Hitmetrix - User behavior analytics & recording

Prefer Network's Co-Op Doubles Usage Through Catalog-Only Focus

Catalog-only cooperative database Prefer Network revealed J.Jill its first million-name user this month while overall usage of its database this year has already exceeded the total for all of last year.

Both milestones for the 18-month-old database took place as it continues to add clients to its roster in time for the fall and holiday catalog mailing seasons, though Prefer Network CEO Doug Platt would not share usage figures.

Prefer Network, New York, is distinctive from its cooperative database competitors because it is made up exclusively of catalogers. Other cooperative databases such as DoubleClick's Abacus Alliance, Experian's Z-24 and I-Behavior Inc. include non-catalog mailers such as publishers. Abacus has more than 1,800 members, Z-24 has more than 600 and I-Behavior is at 350.

Also differentiating Prefer Network from Abacus Alliance and Z-24 is the level of data it demands of its participants. The database offers product-level detail data for 100 percent of its members. Competitor I-Behavior also provides product level data.

“If you're Smith & Hawken and you're looking for people who want to buy garden products, we can find the people who have bought garden products from Lillian Vernon,” Platt said. “Abacus would never be able to select those names because the product type is just too different.”

Cataloger and Prefer Network million-name user J. Jill joined the co-op specifically because of the availability of detailed product data.

“The added wrinkle of using product level information differentiates Prefer Network from their competitors and makes our targeting efforts more effective,” said John Hayes, president of the J. Jill Direct division of J. Jill Group Inc., Quincy, MA, which joined the database late last year and took its millionth gross name through the co-op in early May.

Even so, Hayes characterized J. Jill's usage as still being in control test mode.

“We've seen the results get better over the six months we've been testing it, and as they keep adding names,” he said. “We're not anywhere near an impressive rollout yet, but that is our hope.”

Hayes would not give specific response data but said results were acceptable based on J. Jill's criteria.
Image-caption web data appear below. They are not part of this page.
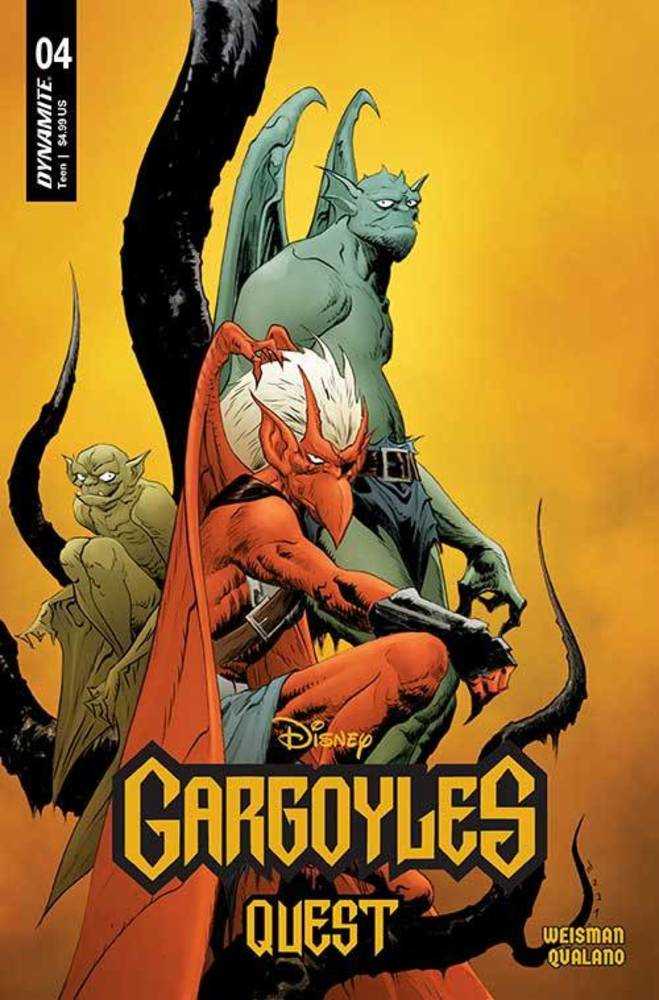 Gargoyles Quest #4 Cover B Lee & Chung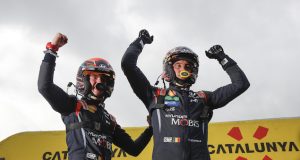 Martijn Wydaeghe y Thierry Neuville (FOTO: Hyundai Motorsport GmbH)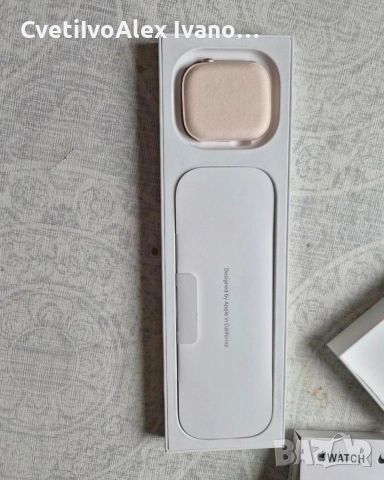 Чисто нов Apple watch 10 , 46mm розово злато , снимка 6 - Мъжки - 52845674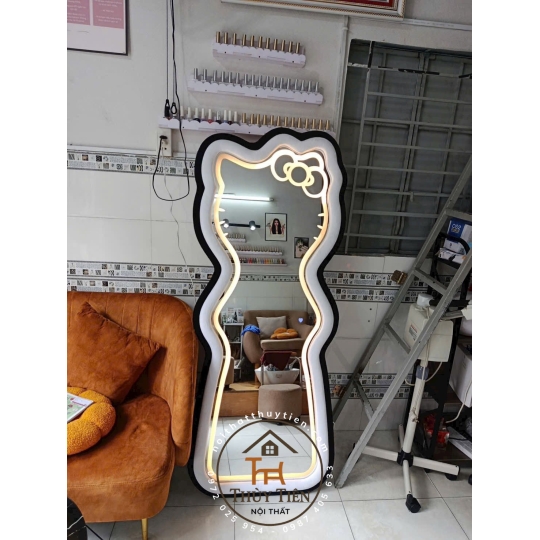 Gương bọc nỉ nhiều mẫu, E nhận làm mix màu theo yêu cầu nhé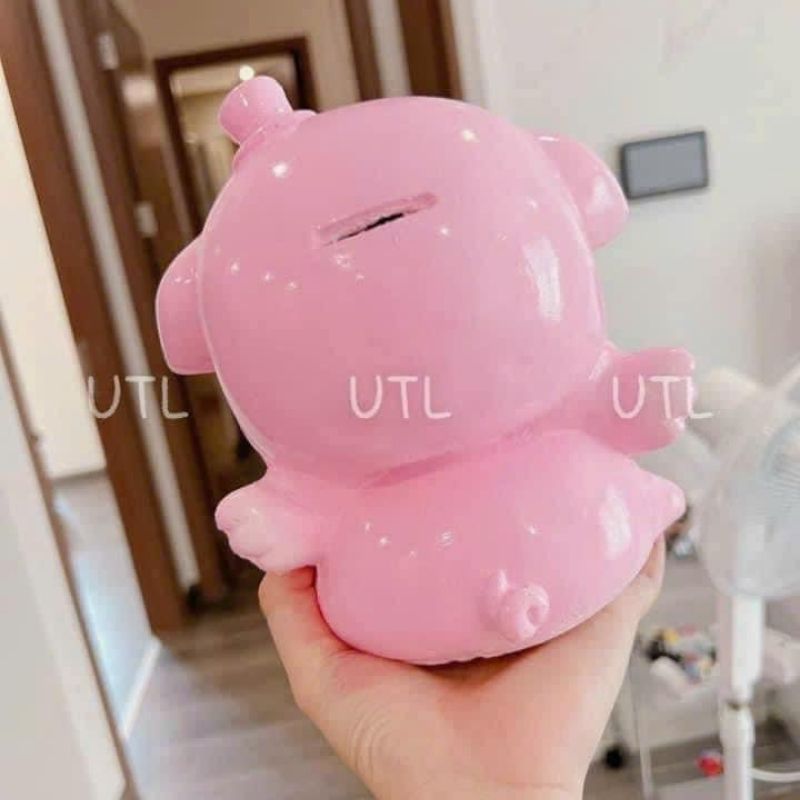 Heo đất thiên thần cánh tiên ống heo tiết kiệm siêu dễ thương XIAOMIMI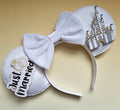 Bride/wedding - mouse ears headband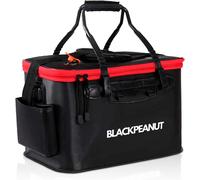Kkahq-Seau Pour Appât De Pêche, Différentes Tailles Et Couleurs, Articles De Pêche Résistants, Gardez Vos Appâts En Vie Plus Longtemps, Seau De Pêche Pour Pêcheurs (30l, Noir)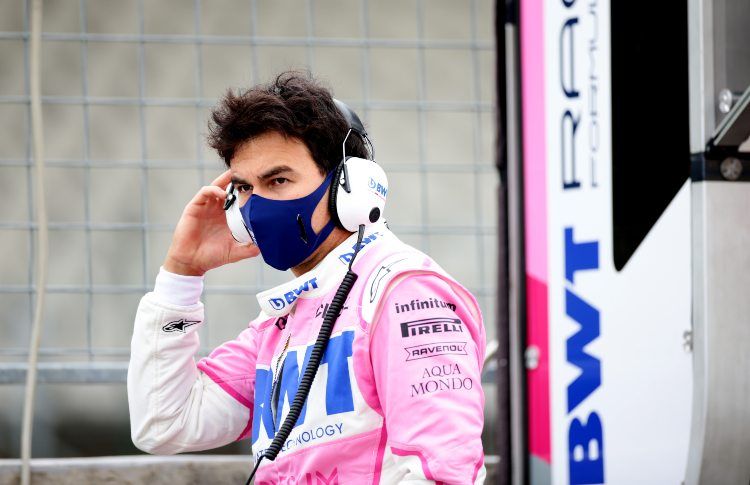 Sergio Perez Racing Point Formula 1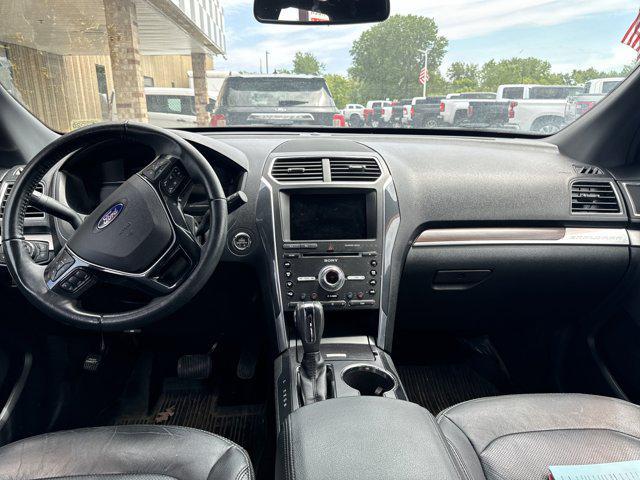 used 2018 Ford Explorer car, priced at $22,988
Although J. Jill participates in the Abacus Alliance as well as Prefer Network, Hayes said comparing the two databases would be like comparing, “apples and oranges.”
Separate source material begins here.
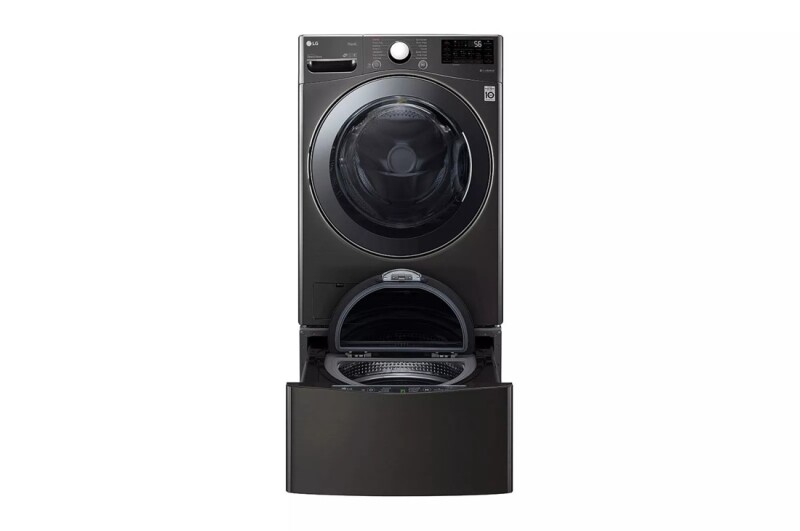 4.5 Cu.ft. Smart Wi-fi Enabled All-in-one Washer/dryer With Turbowash® Technology WM3998HBA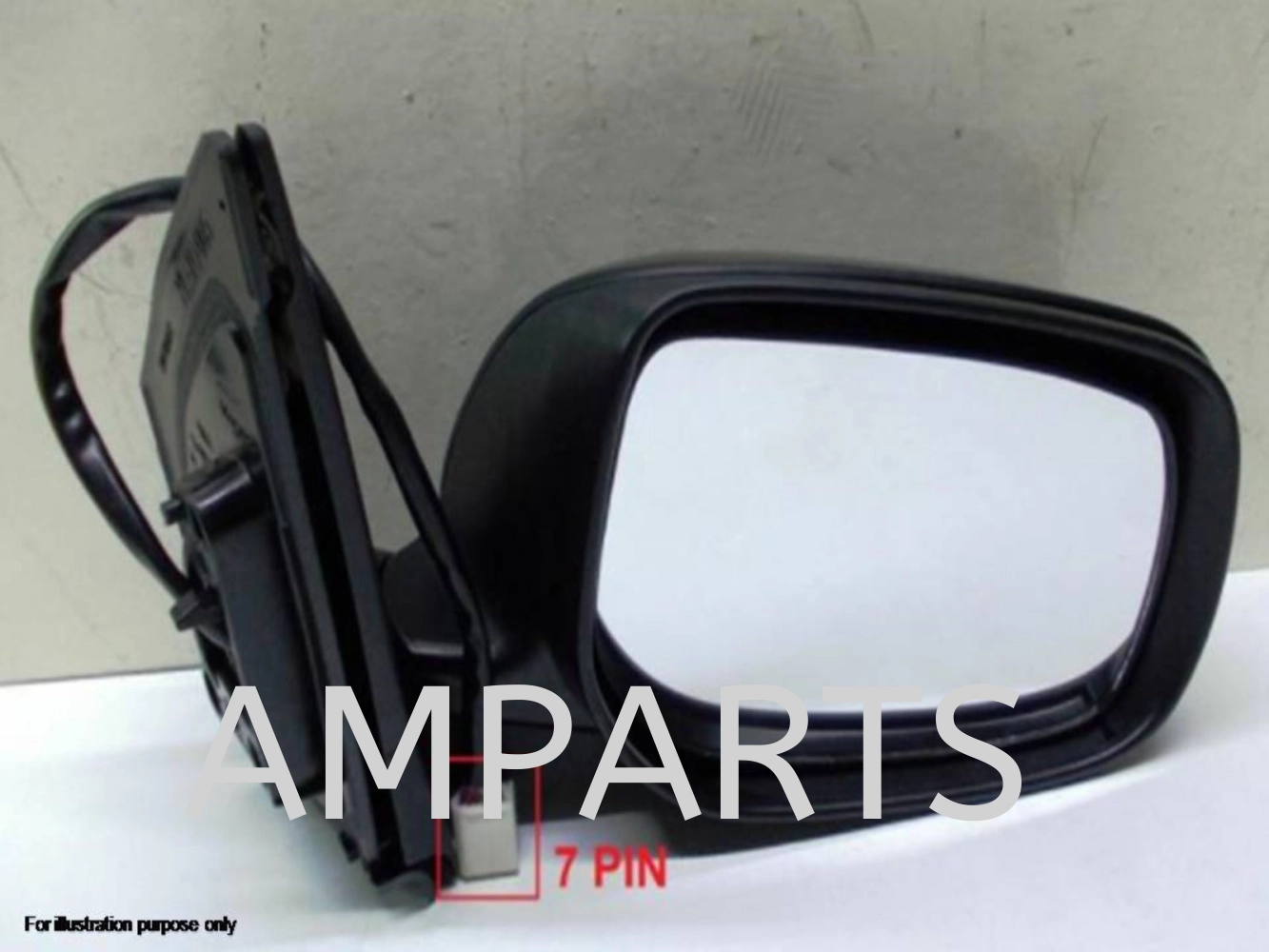 Toyota Altis 2008 Door Mirror 7 Pin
The Prefer Network database, which was launched in January of 2001 with less than 20 members, now has 180 catalogers in the co-op.

Recent additions include catalog titles such as Avenue, Brylane Home, Brylane Kitchen, Chadwicks of Boston, Drapers & Damons, Home Focus, Improvements, Jessica London, King Size Direct, Lane Bryant, La Redoute, Lerner, Levenger, Monterey Bay, Newport News, Pendleton Apparel, Pendleton Home, Roamans and Vermont Country Store.

The database has 62 million households, which is comparable to Z-24's 65 million, Abacus' 90 million and I-Behavior's 55 million, Platt said. He argued that those 62 million households represent all the active catalog-buying households in the U.S.

“If you look at Z-24, they have 65 million households and Abacus has 90 million but they both have non-catalog participants,” he said.

Looking ahead, Platt expects the fall and holiday mailing seasons to be a time of continued growth for Prefer Network because of the low house file counts on many lists.

Many catalogers will look to cooperative databases to make up quantity for their circulation plans.

“Everyone is sort of waking up and saying, 'I don't have any names to mail,'” Platt said. “You have to find new ways to get names.”